INPUT =
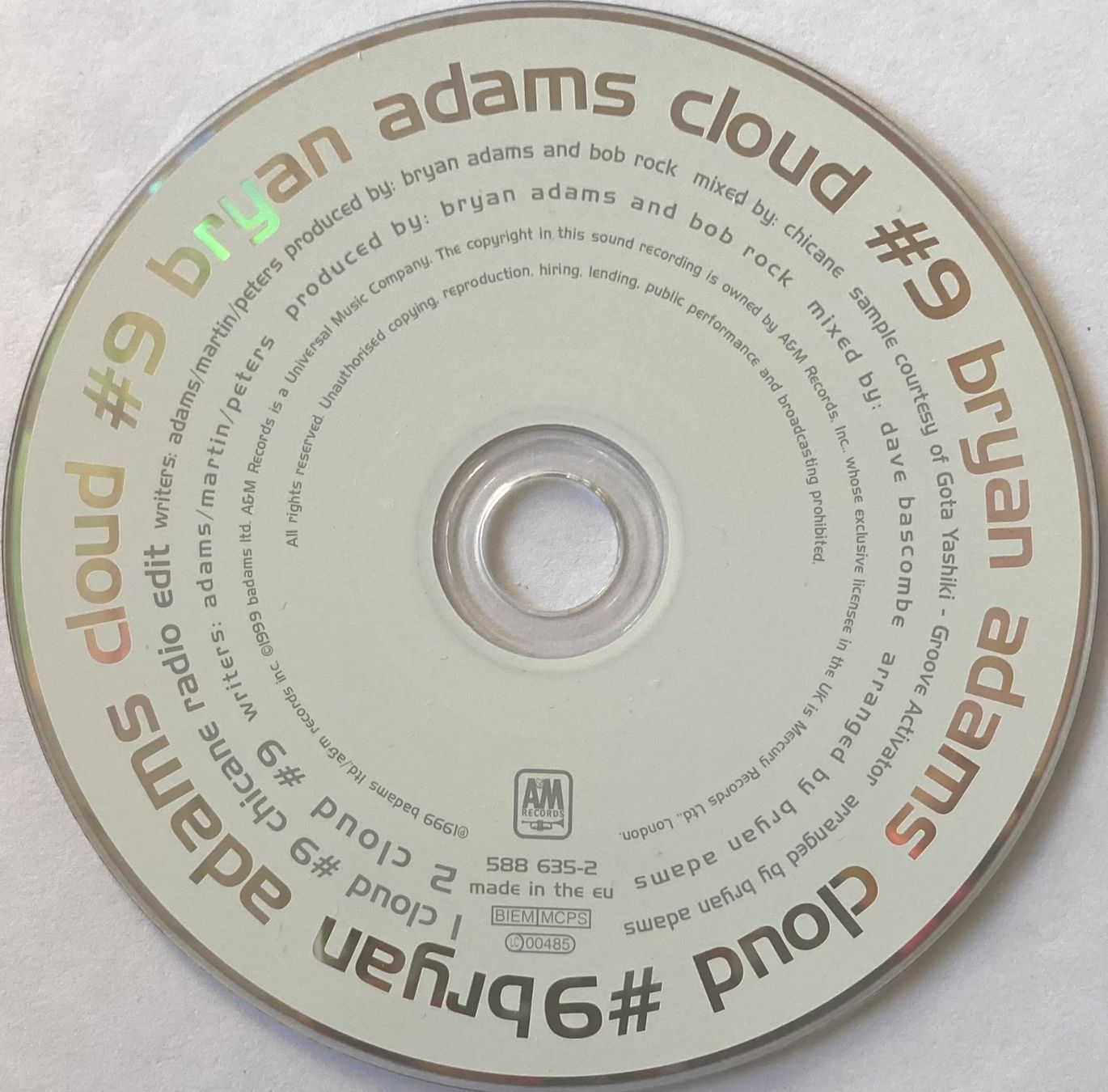 CDs: BRYAN ADAMS - CLOUD #9 – Gebraucht aus Poliez-Pittet von Newtown-Records 1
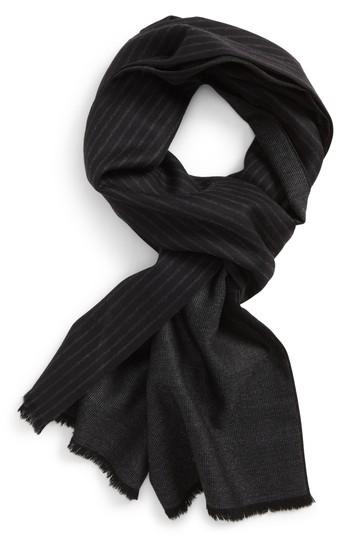 Men's Hickey Freeman Stripe Wool Scarf, Size - Black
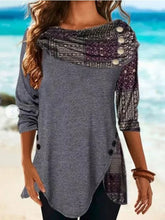 Load image into Gallery viewer, Retro Irregular Hem Printed Scarf Long Sleeve Casual Top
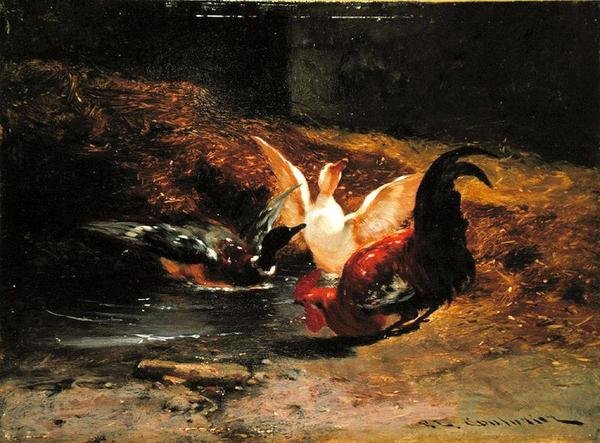 Gallo con dos patos de Philibert Leon Couturier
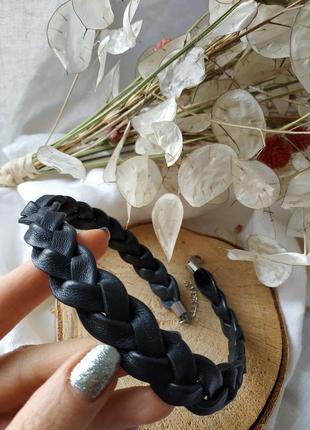 Колье из натуральной кожи "косичка"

WORK TO COMPLETE =
Repeat each of the entries above exactly, but do not carry over the pictures.

EXERCISE ANSWER =
 CDs: BRYAN ADAMS - CLOUD #9 – Gebraucht aus Poliez-Pittet von Newtown-Records 1
 Men's Hickey Freeman Stripe Wool Scarf, Size - Black
 Load image into Gallery viewer, Retro Irregular Hem Printed Scarf Long Sleeve Casual Top
 Gallo con dos patos de Philibert Leon Couturier
 Колье из натуральной кожи "косичка"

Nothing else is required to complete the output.